Além de um dos museus mais visitados da intensa agenda cultural paulistana, as chamas queimam um prédio inteiramente construído com material importado da Inglaterra (menos os tijolos) entre 1888 e 1901, que logo se tornou uma referência fundamental do tecido urbano e da paisagem de São Paulo.
Sua construção coincidiu com o momento em que a capital paulista enriqueceu com o dinheiro do café e procurou afirmar seu papel de grande metrópole, uma Nova York do hemisfério Sul. A “Capital da Solidão” estava se tornando a “Capital da Vertigem”, conforme os títulos dos livros escritos por Roberto Pompeu de Toledo, obrigatórios para quem quer conhecer a cidade.
A estrada de ferro Santos-Jundiaí foi construída pelo Barão de Mauá, que passaria à história como o grande empresário brasileiro visionário do século. A estação ocupou 7,5 mil metros quadrados do antigo Jardim Botânico, hoje parque da Luz.
Projetado e construído por arquitetos e engenheiros estrangeiros, o prédio tem características arquitetônicas semelhantes a outras estações no mundo anglo-saxônico. Até o tijolo aparente nas partes internas lembra o “red brick” londrino.
O local foi escolhido por sua posição estratégica. Embora fosse um dos bairros mais antigos (o Padre Anchieta faz referência a ele já pouco depois de fundar a cidade), a Luz era uma área afastada, com poucos habitantes mas acesso fácil ao centro.
Uma vez instaladas, via férrea e estação separaram como uma muralha a cidade ao norte e ao sul. A jornalista e urbanista norte-americana Jane Jacobs ensina que uma grande via de transportes “segmenta” o tecido urbano.
Até hoje se nota o impacto da cruz formada pela ligação Norte-Sul e pelas linhas de trem: quem vai às compras no Bom Retiro tem dificuldade de chegar à São Caetano, “a rua das Noivas”, do outro lado da avenida Tiradentes; ou ir a Campos Elíseos, do outro lado dos trilhos da CPTM (a estatal que incorporou as antigas companhias férreas).
As estações também forjaram o bairro em volta: imigrantes chegavam de trem e se hospedavam, começavam a vida em manufaturas do bairro, se fixavam, constituíam família.

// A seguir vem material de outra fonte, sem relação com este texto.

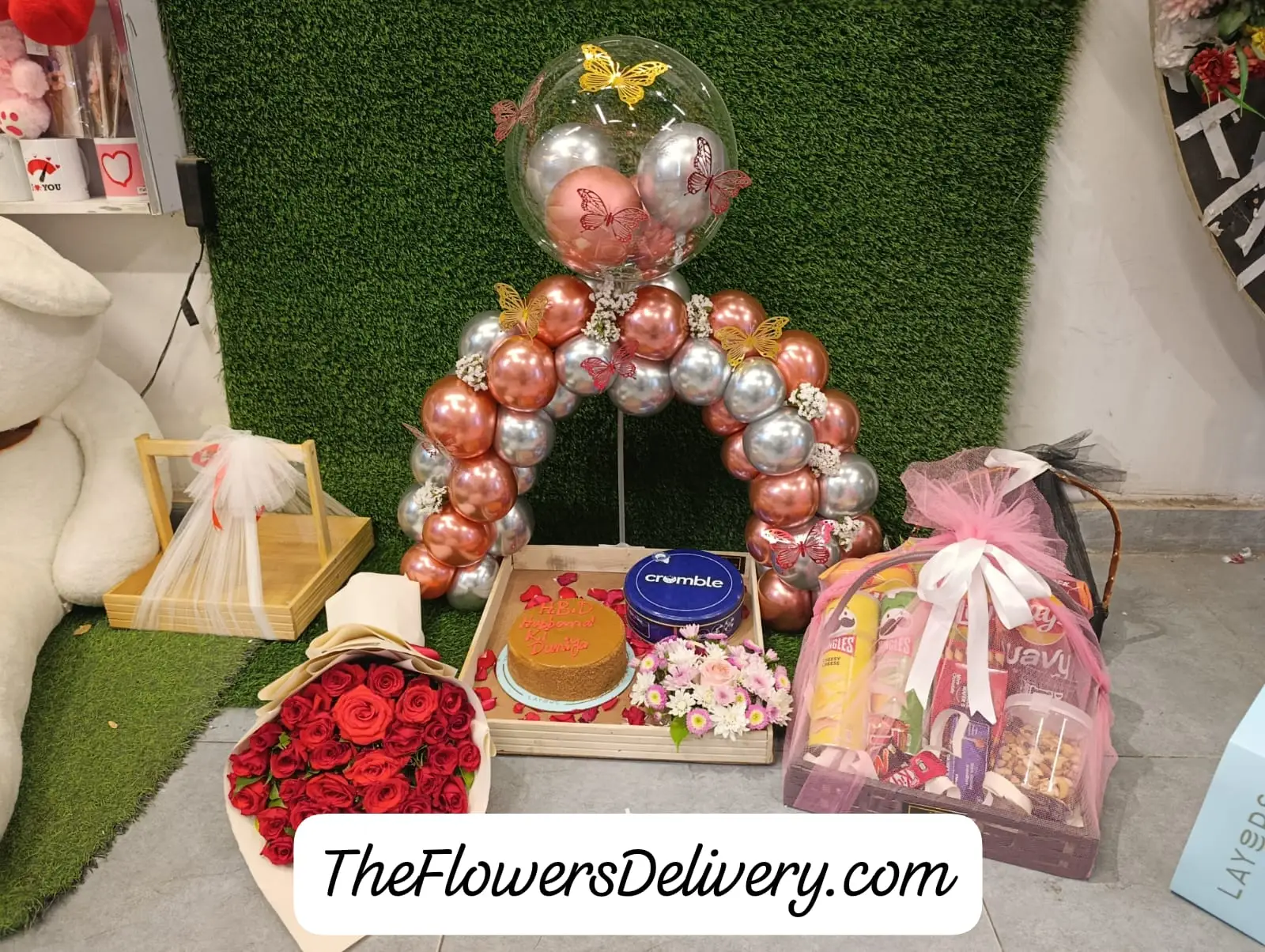 Gifts and Flowers for Mothers Day Lahore - TheFlowersDelivery.com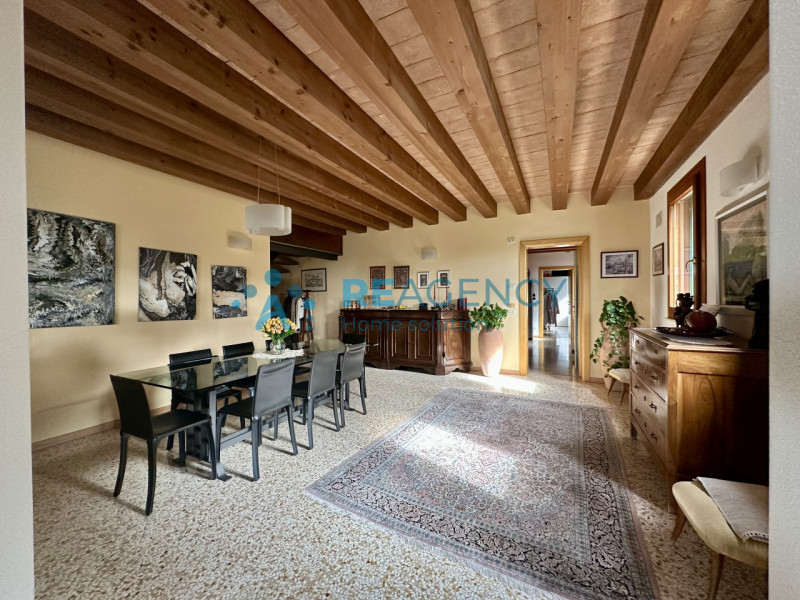 Stai cercando una VILLA in posizione panoramica esposta al sole?

Trattandosi di immobile di preg...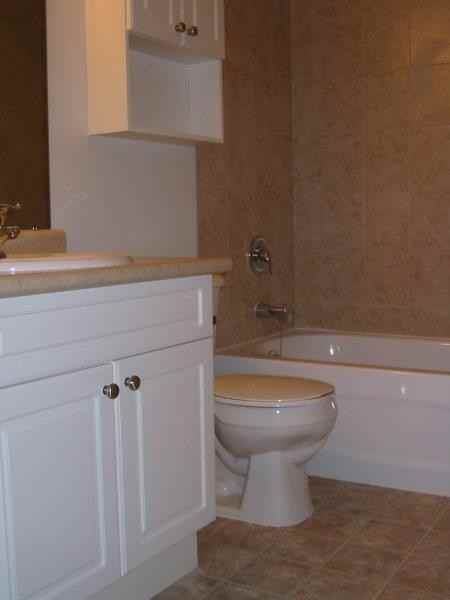 175 Wellington St. S - Photo 4 of 7
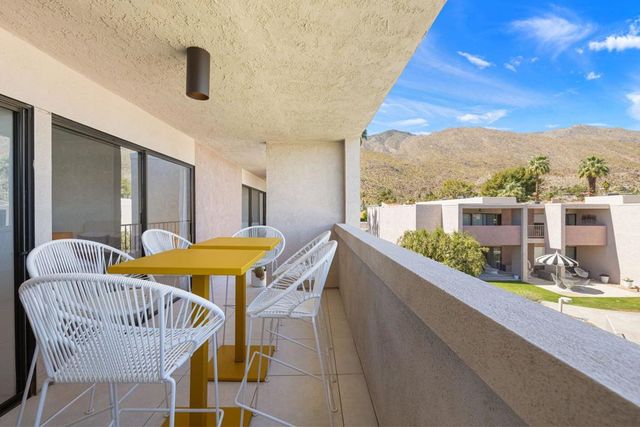 2696 S Sierra Madre F14, Palm Springs, CA 92264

Depois de “fazer a vida” iam embora. Primeiro foram os italianos, depois judeus da Europa Oriental, os coreanos e mais recentemente os bolivianos.
O Jardim da Luz espelha essa vocação: entre seus frequentadores predominam os forasteiros, de outras regiões do país, da América ou do mundo; uns se distraem com as prostitutas baratas e outros ouvem os cantores sertanejos que choram a viola por um trocado, todos se encontram para confraternizar ou estabelecer vínculos.
Desde os anos 1990 os governos se convenceram de que criando museus melhorariam a frequência da região, ameaçada pela “Cracolândia” e pelo êxodo de moradores. Vem daí a recuperação da Pinacoteca e a criação do Museu da Língua Portuguesa, em um modelo inédito de gestão público-privada (a gestão é da Fundação Roberto Marinho).
O resultado ainda não foi o desejado em termos de reocupação da região por famílias. Mas os polos culturais batem recordes de público, mostrando alto índice de aprovação.
É isso que torna duplamente trágico o incêndio: além do patrimônio arquitetônico, ele queimou um lugar que a cidade aprendeu a amar desde a inauguração em 2006. Em tempos de crise econômica vai ser difícil custear sua reconstrução.